Author Topic: Error message: "unknown software exception" when using larger # of processors  (Read 4789 times)

0 Members and 1 Guest are viewing this topic.

Offline Choongman Moon

  • Regular QuantumATK user
  • **
  • Posts: 7
  • Country: kr
  • Reputation: 0
    • View Profile
Dear All,

My calculation is optimizing the structure of graphene, and "the number of k points" are 85.
I'm trying to compare the time taken for calculation when "the number of processors" are 5 and 17 (I have 28 processors in total).

I got the calculation result when using 5 processors,
but I got the error message ".... unknown software exception (0xc000417)......" when using 17 processors.
(please see the attached img file. Error message is written in Korean partially, but I hope you can guess.)

I do not get this error message when the number of processors is below 8,
but when the number of processor is more than 8, say "N" number of processors,
N-8 number of atkpython.exe is forcibly closed about 1 minute after starting calculation.
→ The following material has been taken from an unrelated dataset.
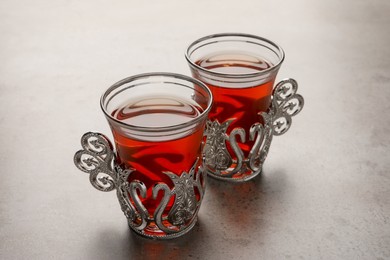 Photo of Glasses of traditional Turkish tea in vintage holders on light grey table, closeup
Please help me solving this problem.
Thank you in advance.

Offline Anders Blom

  • QuantumATK Staff
  • Supreme QuantumATK Wizard
  • *****
  • Posts: 5576
  • Country: dk
  • Reputation: 96
    • View Profile
    • QuantumATK at Synopsys
You may run out of memory... You really have 28 cores on that Windows machine? How much RAM?

Offline Choongman Moon

  • Regular QuantumATK user
  • **
  • Posts: 7
  • Country: kr
  • Reputation: 0
    • View Profile
You may run out of memory... You really have 28 cores on that Windows machine? How much RAM?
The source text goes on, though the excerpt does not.